(Source records)
-- Opening Marker --
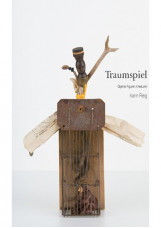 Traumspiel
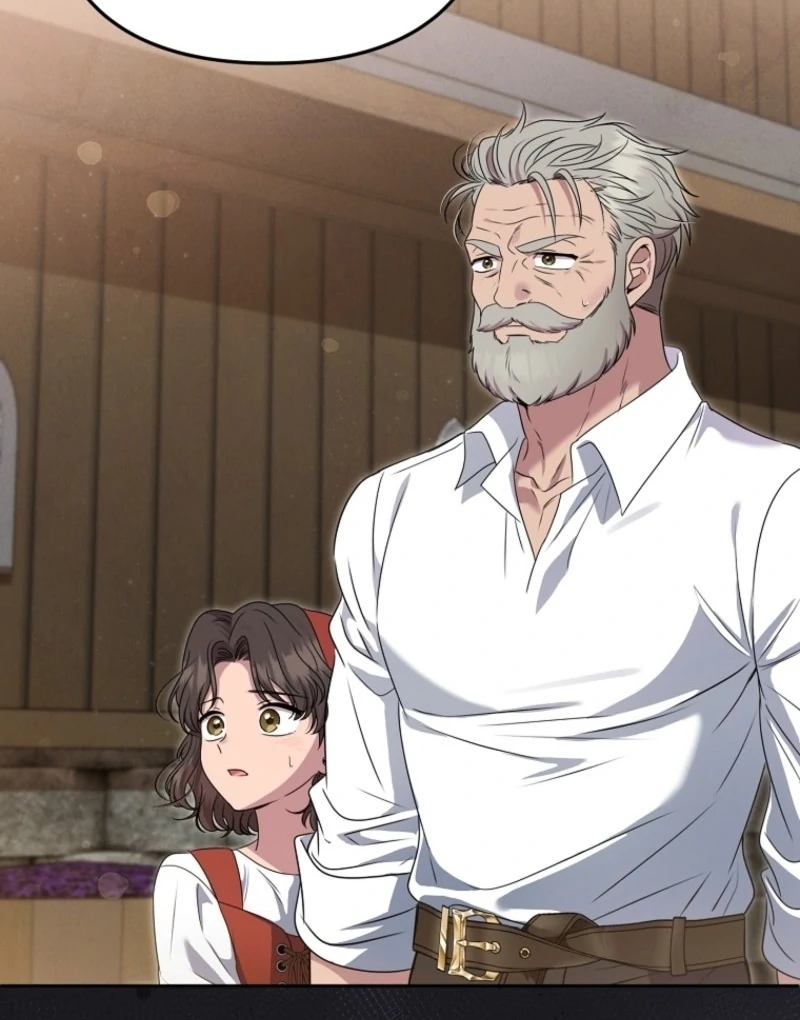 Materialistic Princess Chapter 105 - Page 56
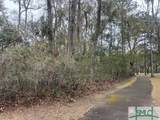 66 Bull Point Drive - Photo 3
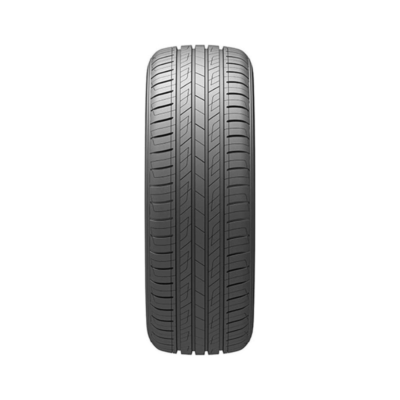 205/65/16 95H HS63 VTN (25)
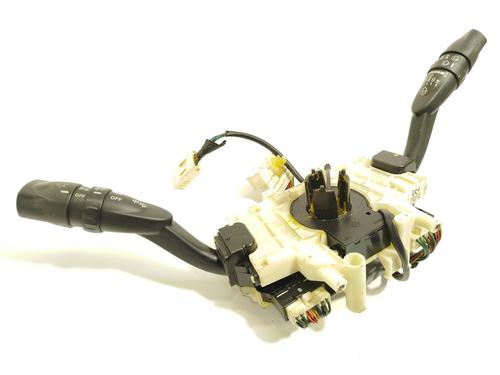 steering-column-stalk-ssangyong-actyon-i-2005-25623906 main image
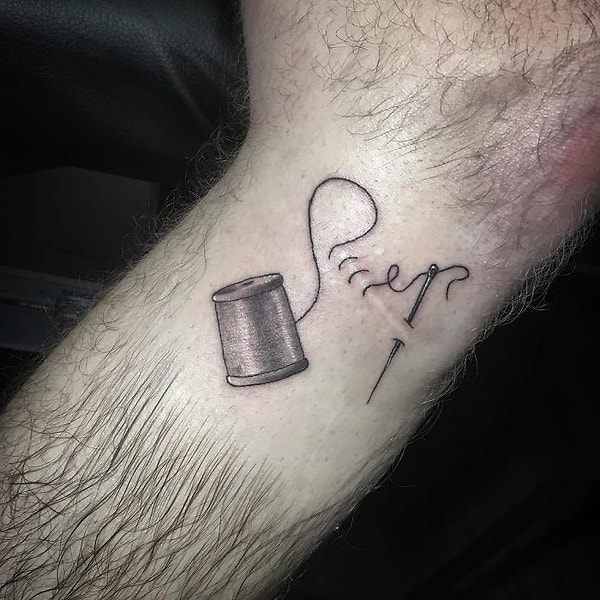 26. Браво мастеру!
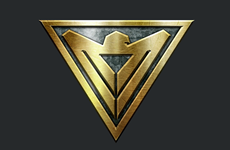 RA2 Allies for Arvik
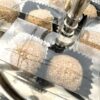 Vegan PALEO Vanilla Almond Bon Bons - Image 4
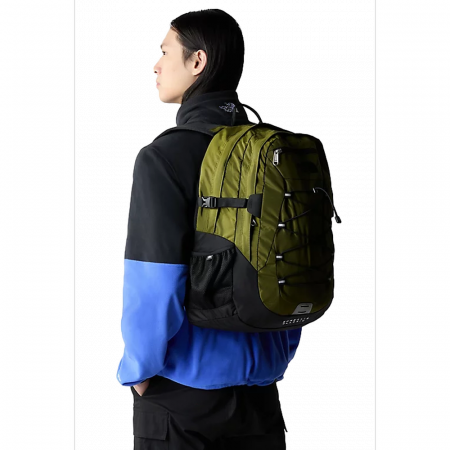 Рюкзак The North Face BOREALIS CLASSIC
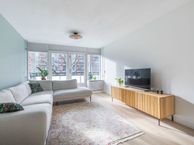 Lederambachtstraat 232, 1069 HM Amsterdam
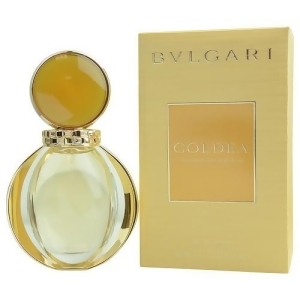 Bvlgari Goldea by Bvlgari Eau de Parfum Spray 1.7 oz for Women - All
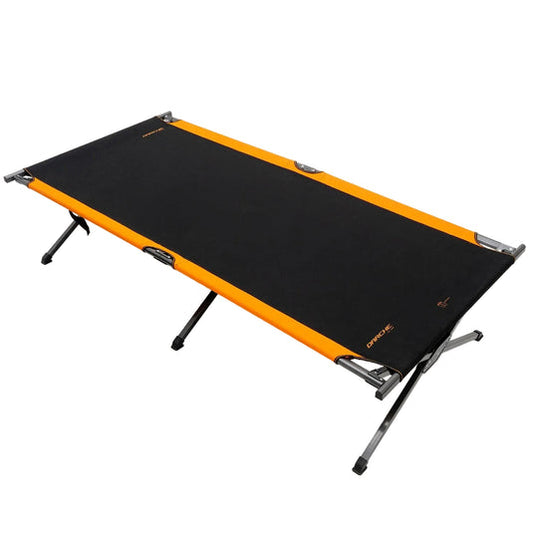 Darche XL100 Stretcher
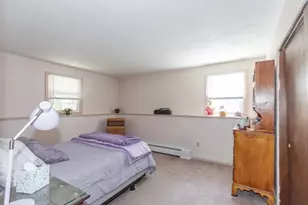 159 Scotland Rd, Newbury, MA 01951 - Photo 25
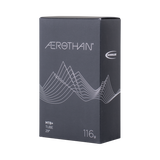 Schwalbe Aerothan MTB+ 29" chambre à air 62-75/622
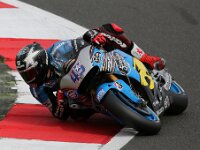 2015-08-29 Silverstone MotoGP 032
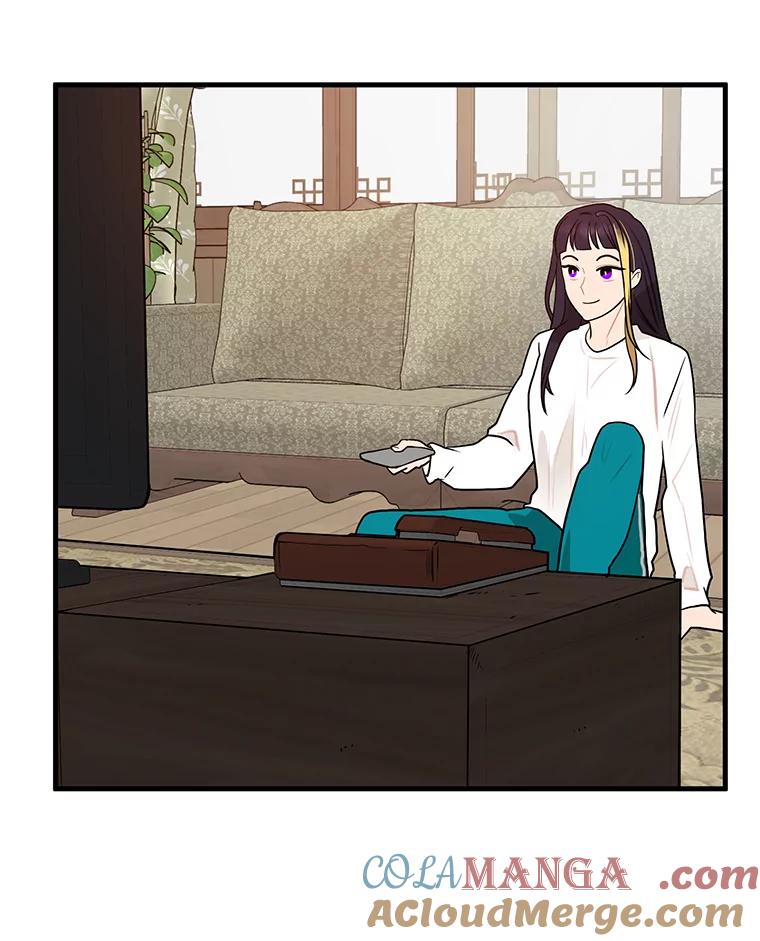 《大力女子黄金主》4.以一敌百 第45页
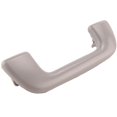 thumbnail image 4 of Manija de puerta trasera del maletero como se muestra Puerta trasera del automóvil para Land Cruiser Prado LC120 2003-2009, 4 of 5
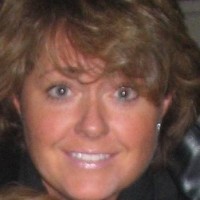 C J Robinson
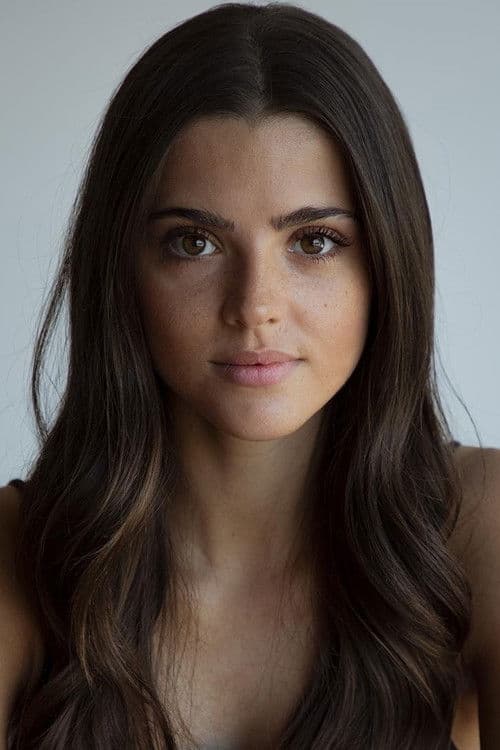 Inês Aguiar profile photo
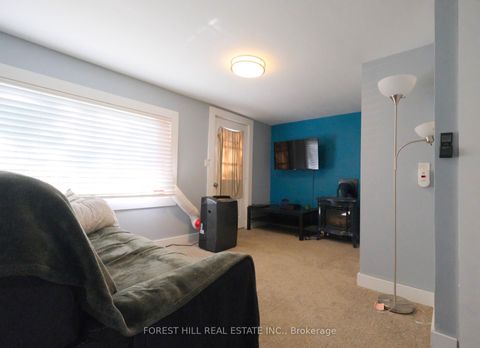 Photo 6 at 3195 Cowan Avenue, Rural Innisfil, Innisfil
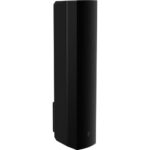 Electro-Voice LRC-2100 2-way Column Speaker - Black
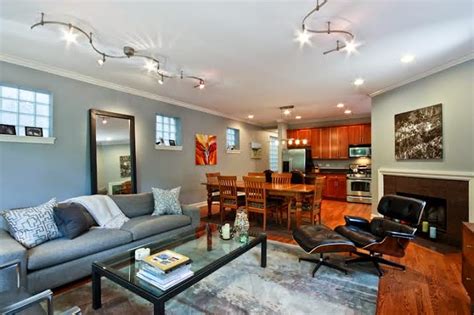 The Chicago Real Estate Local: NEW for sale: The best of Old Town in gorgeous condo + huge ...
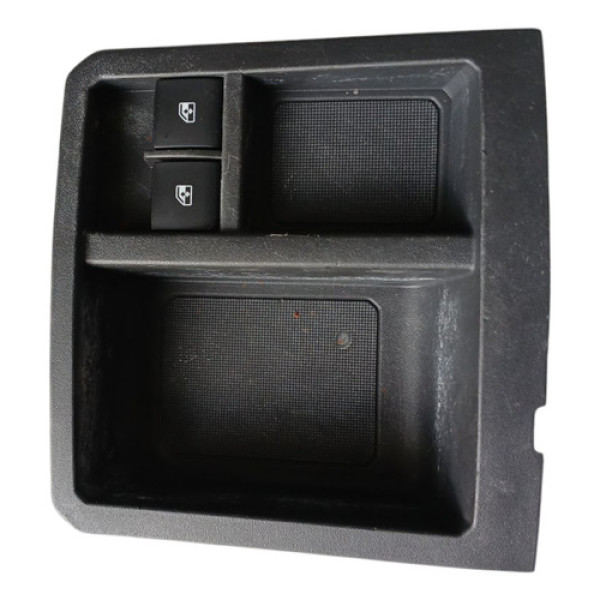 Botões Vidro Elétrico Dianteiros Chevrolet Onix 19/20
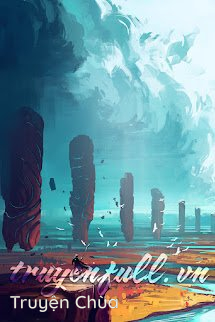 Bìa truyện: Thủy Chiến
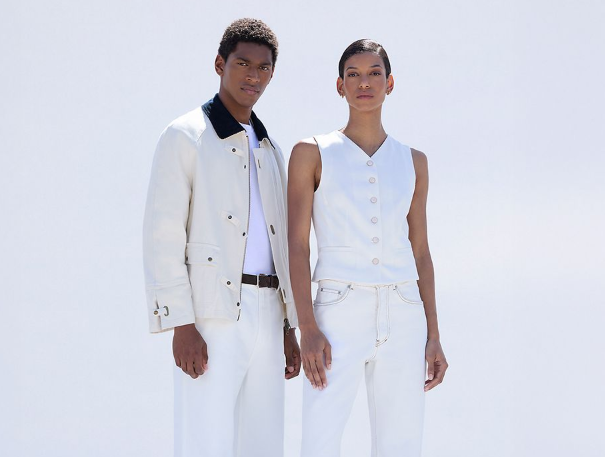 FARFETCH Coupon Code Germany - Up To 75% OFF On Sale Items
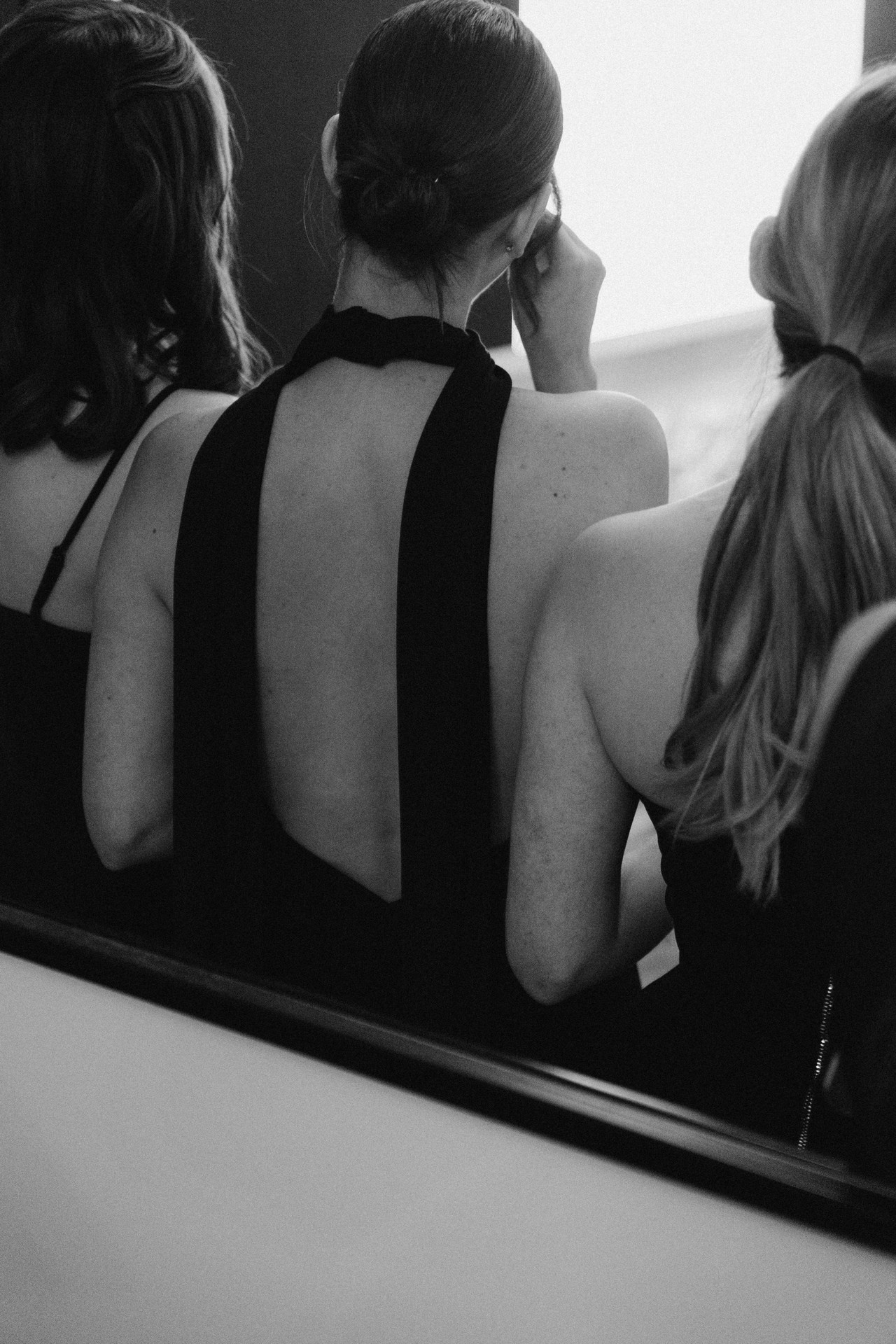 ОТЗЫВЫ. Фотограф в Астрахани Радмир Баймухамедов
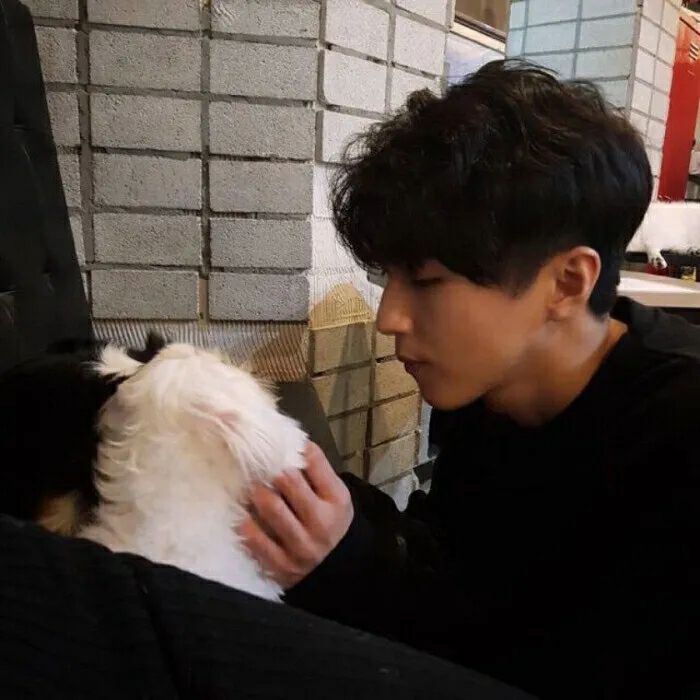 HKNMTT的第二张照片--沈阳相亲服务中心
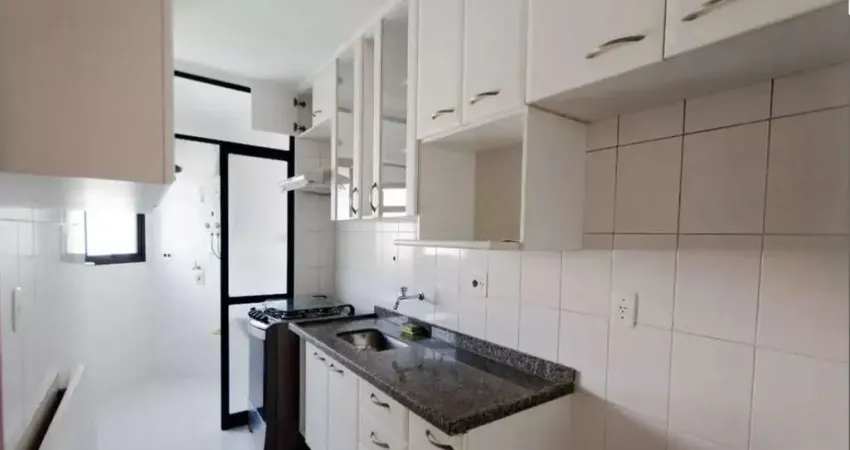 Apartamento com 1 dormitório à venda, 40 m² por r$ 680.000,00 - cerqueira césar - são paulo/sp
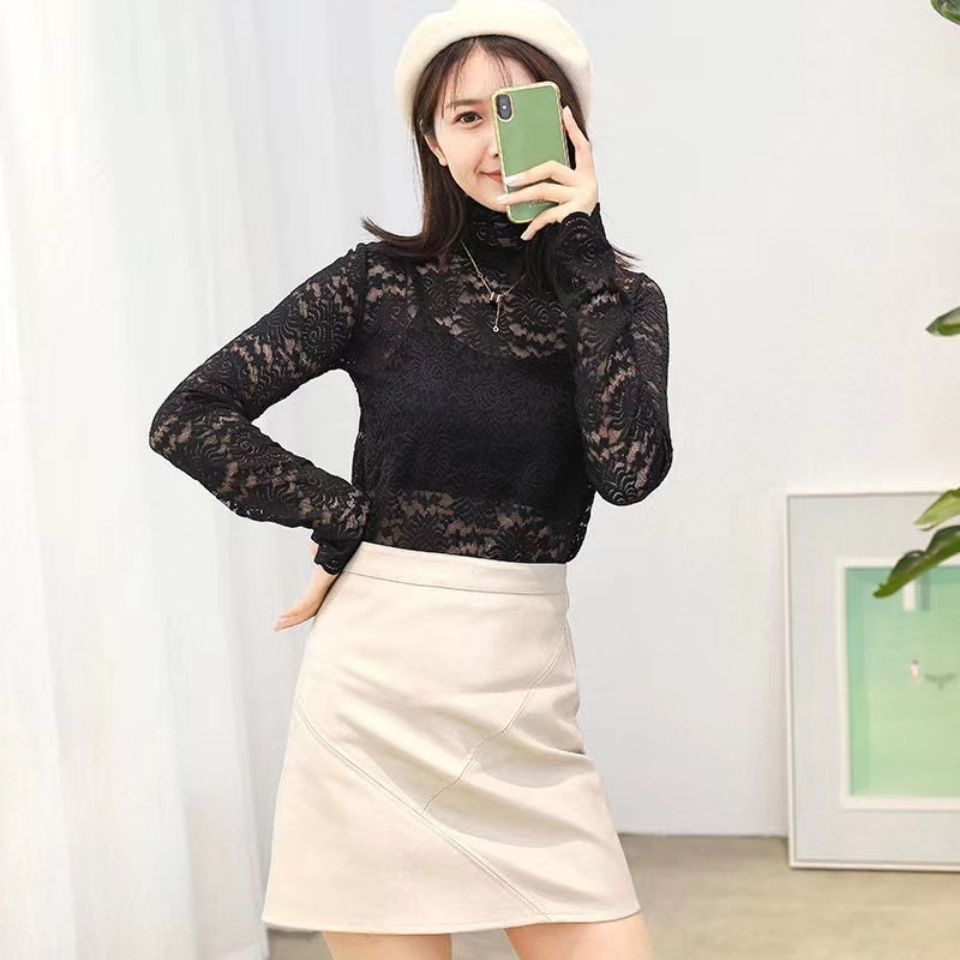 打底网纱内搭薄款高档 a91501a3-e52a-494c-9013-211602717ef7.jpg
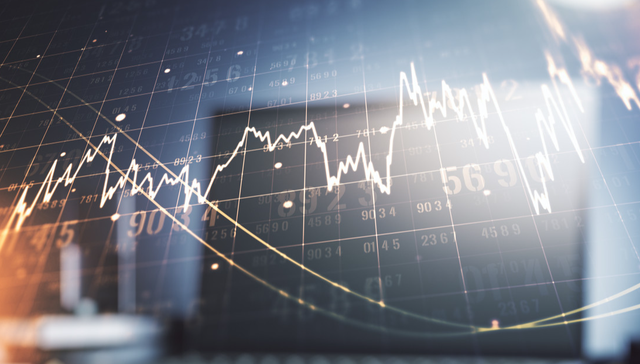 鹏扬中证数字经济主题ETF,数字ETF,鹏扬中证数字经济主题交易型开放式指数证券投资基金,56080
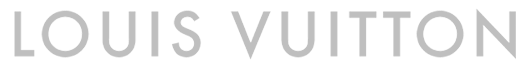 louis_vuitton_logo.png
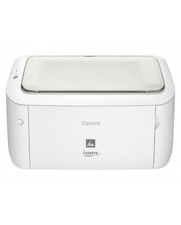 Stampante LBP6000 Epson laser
-- Closing Marker --
### Task instructions
What should come back is an exact copy of the lines above from the line with "2015-08-29 Silverstone MotoGP 032" to the line with "Photo 6 at 3195", both included, minus the pictures.

### Completed task
 2015-08-29 Silverstone MotoGP 032
 《大力女子黄金主》4.以一敌百 第45页
 thumbnail image 4 of Manija de puerta trasera del maletero como se muestra Puerta trasera del automóvil para Land Cruiser Prado LC120 2003-2009, 4 of 5
 C J Robinson
 Inês Aguiar profile photo
 Photo 6 at 3195 Cowan Avenue, Rural Innisfil, Innisfil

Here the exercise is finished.